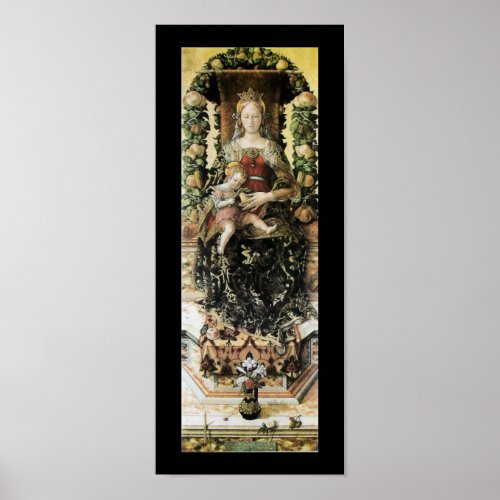 VIRGIN WITH CHILD  green  black Poster
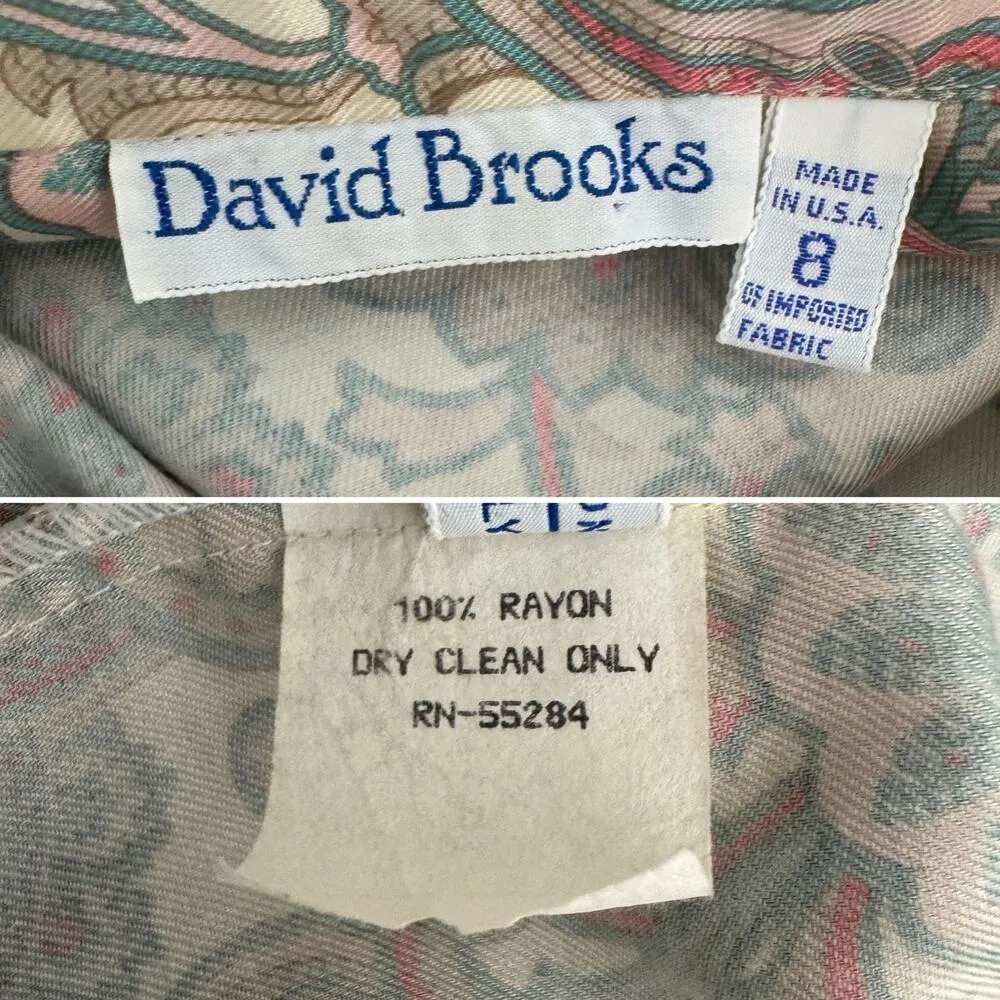 David Brooks vintage matching top skirt secretary set paisley pastel size S Blue - Image 6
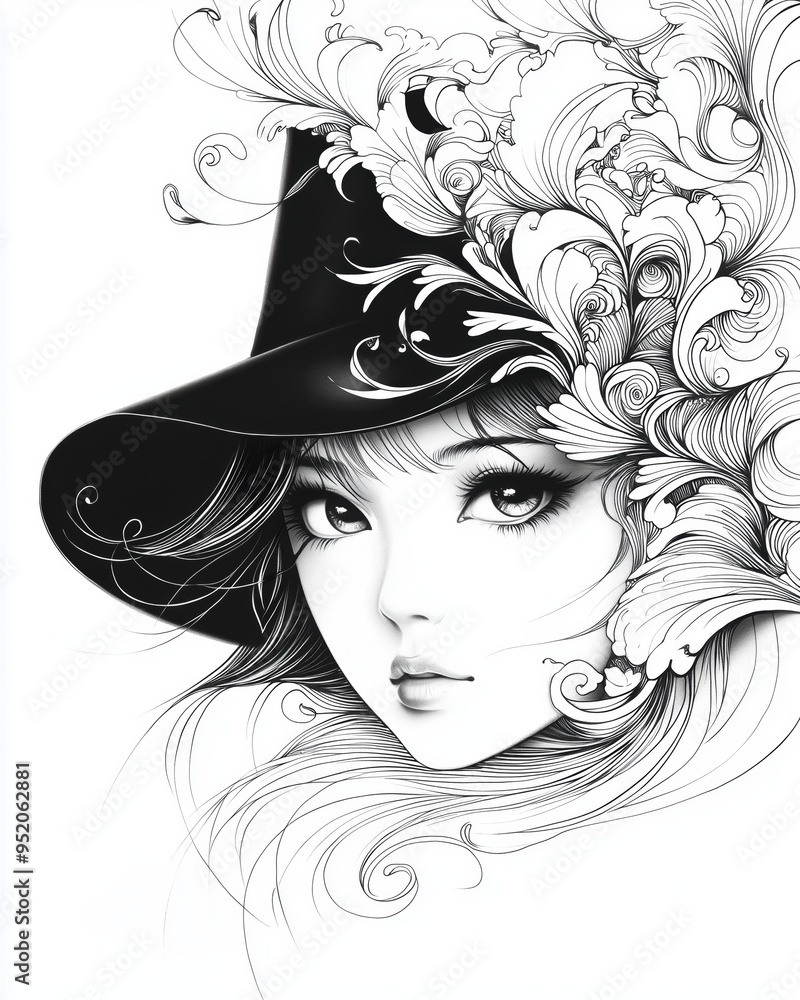 Asian Woman in Black Hat with Intricate Patterns - Black & White Ink Illustration Asian Woman in Black Hat with Intricate Patterns - Black & White Ink Illustration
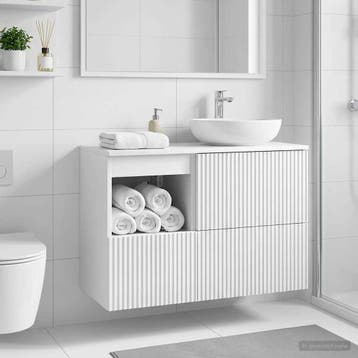vidaXL Badkamerkast Hoogglans Wit 30 x 35 x 50 cm Bewerkt, Verzenden, Nieuw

— What this task involves —
Your task is to restate word for word the lines from the top of the data to the line containing "Ink Illustration Asian", both ends included, with every picture left out.

— Solution to this task —
 VIRGIN WITH CHILD  green  black Poster
 David Brooks vintage matching top skirt secretary set paisley pastel size S Blue - Image 6
 Asian Woman in Black Hat with Intricate Patterns - Black & White Ink Illustration Asian Woman in Black Hat with Intricate Patterns - Black & White Ink Illustration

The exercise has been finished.